▶ TASK DESCRIPTION
Starting with the line below that holds "Novelty Lights 1W" and stopping after the line that holds "Decorative Window Film, Floral", transcribe the lines exactly, leaving out all pictures.

▶ GIVEN ENTRIES
[Start of Attachment]

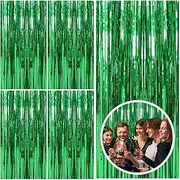 5 Pack Green Streamers Backdrop Jungle Party Decorations Foil Fringe Backdrop Curtains Photo Booth Backdrop for Birthday Dinosaur Animal St Patrick's Day Football Christmas Party Decorations
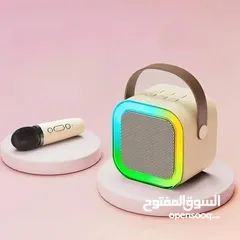  8 سماعة شحن صغيرة متنقل مع مايك عدد 1 نظام كاروكي للاطفال Karaoke Machine for Kids Adults K12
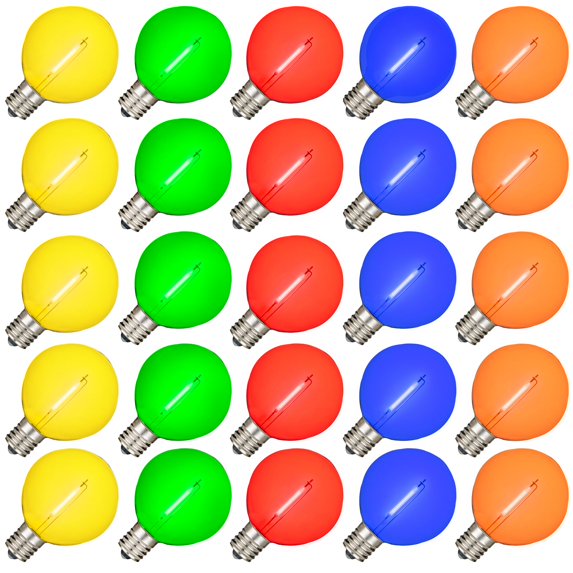 Novelty Lights 1W Multicolor G50 LED Globe Light Bulbs, 25-Pack
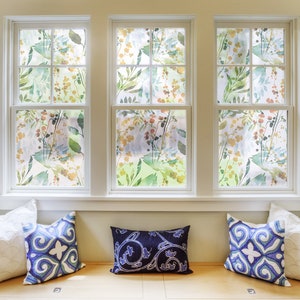 Decorative Window Film, Floral Window Stickers, Privacy Bathroom Film, Matte Glass Film, Leaf Window Film for Home and Office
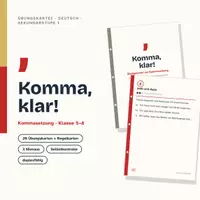 Vorschau - Anderer Materialtyp - Kommasetzung Übungskartei „Komma, klar!" – 20 Karten, 3 Niveaus, Selbstkontrolle (Klasse 5–8) - Deckblatt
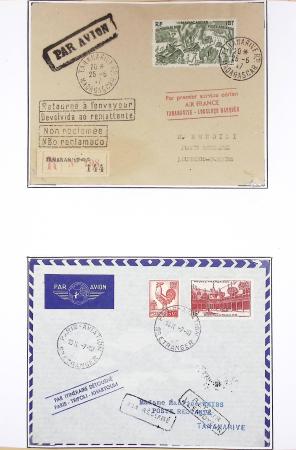 42 premiers vols de la ligne France-Madagascar (1947 - 1960) + 3 divers. TB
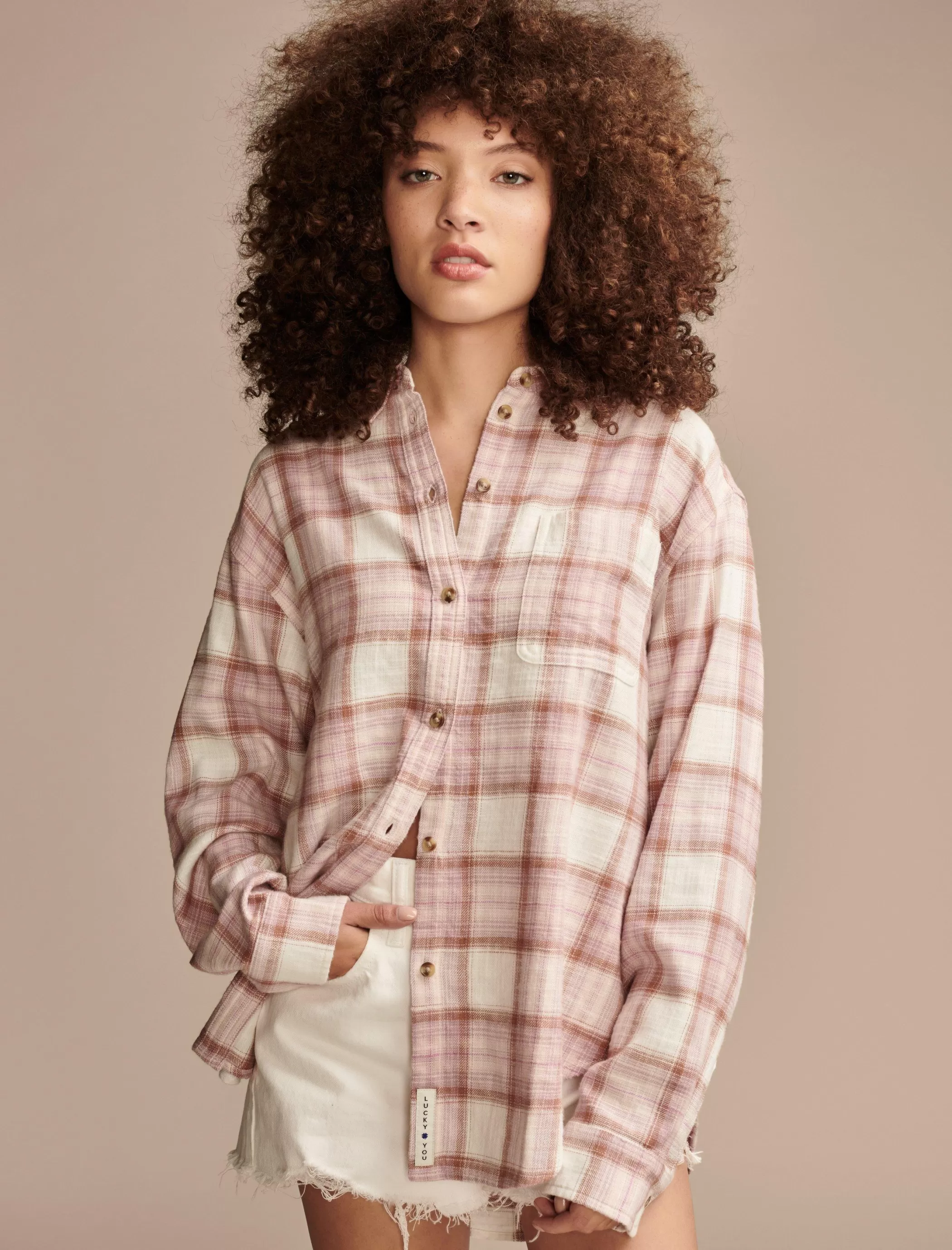 Lucky Brand Blouses*oversized plaid boyfriend pocket shirt sepia rose plaid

[End of Attachment]

▶ SOLUTION TO THIS PROBLEM
 Novelty Lights 1W Multicolor G50 LED Globe Light Bulbs, 25-Pack
 Decorative Window Film, Floral Window Stickers, Privacy Bathroom Film, Matte Glass Film, Leaf Window Film for Home and Office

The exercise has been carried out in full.